Input data:

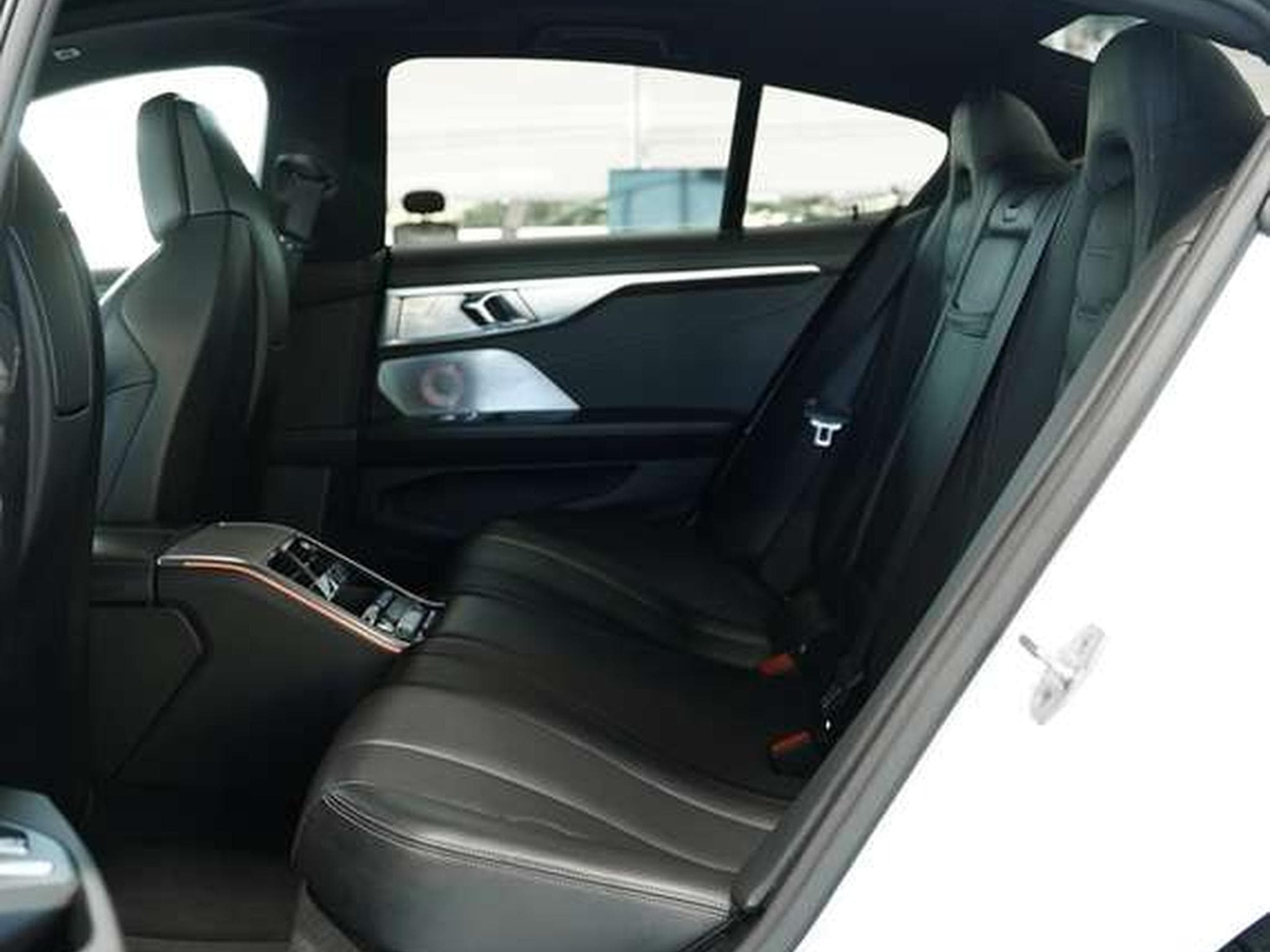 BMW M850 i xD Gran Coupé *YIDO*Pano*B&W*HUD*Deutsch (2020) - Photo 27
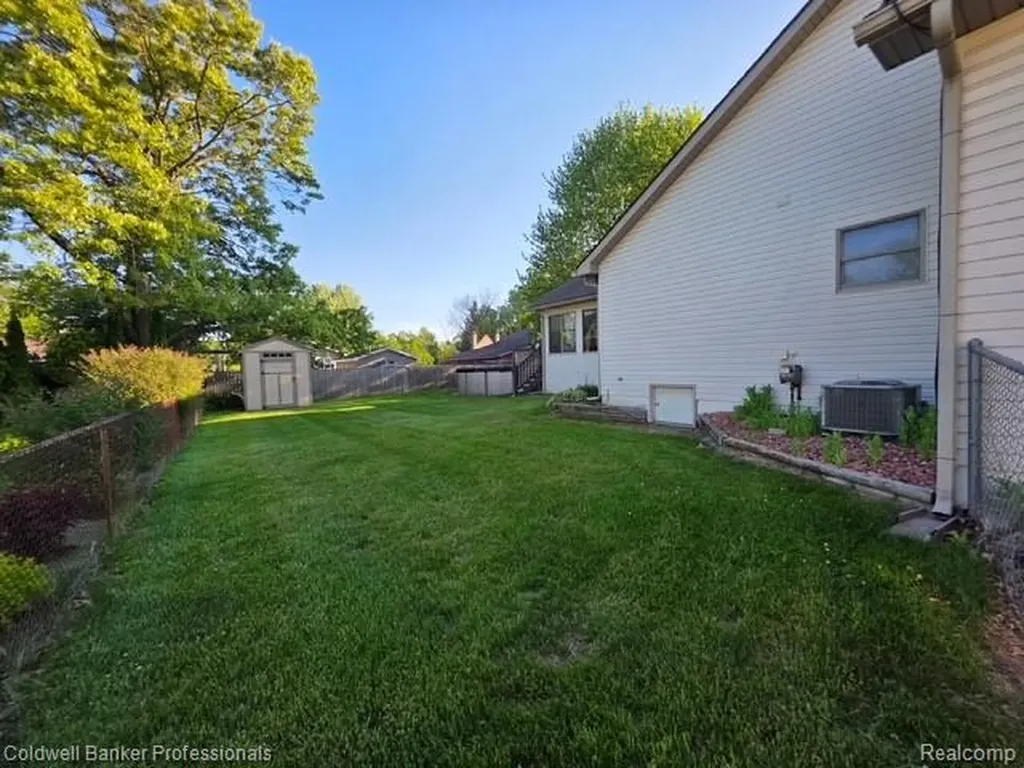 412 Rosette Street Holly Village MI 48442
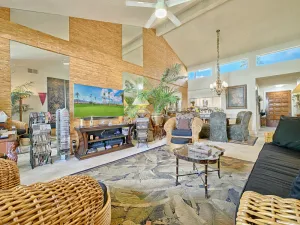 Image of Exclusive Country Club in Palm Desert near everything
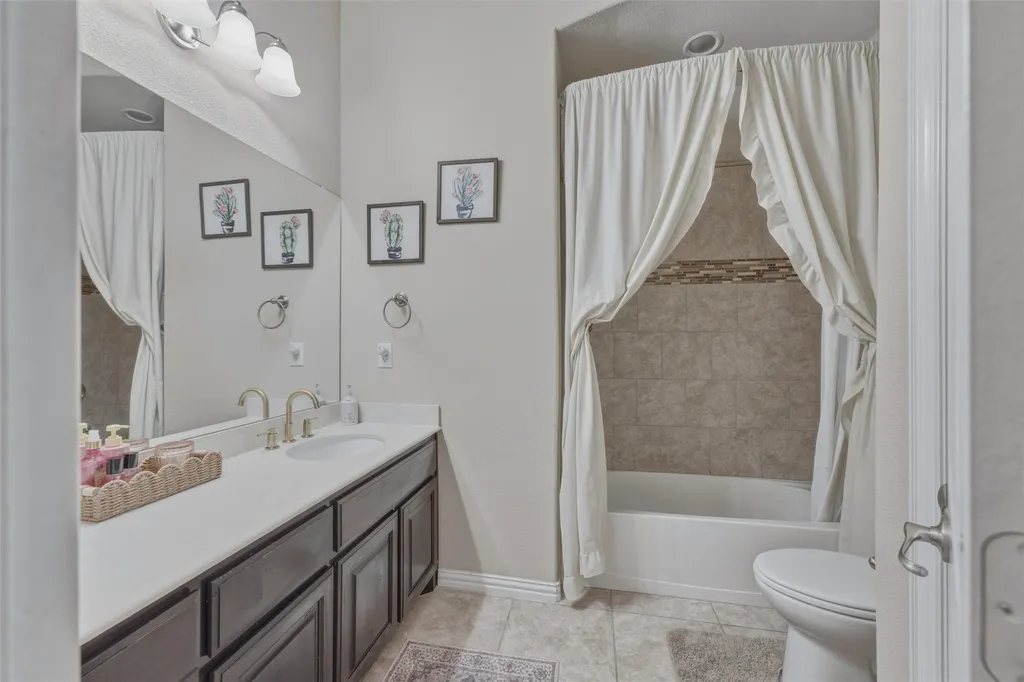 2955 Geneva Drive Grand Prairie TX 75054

The problem:
In the material above, retype exactly the lines that run from the one containing "412 Rosette Street Holly Village MI 48442" through the last line, and keep out the pictures.

Completed task:
 412 Rosette Street Holly Village MI 48442
 Image of Exclusive Country Club in Palm Desert near everything
 2955 Geneva Drive Grand Prairie TX 75054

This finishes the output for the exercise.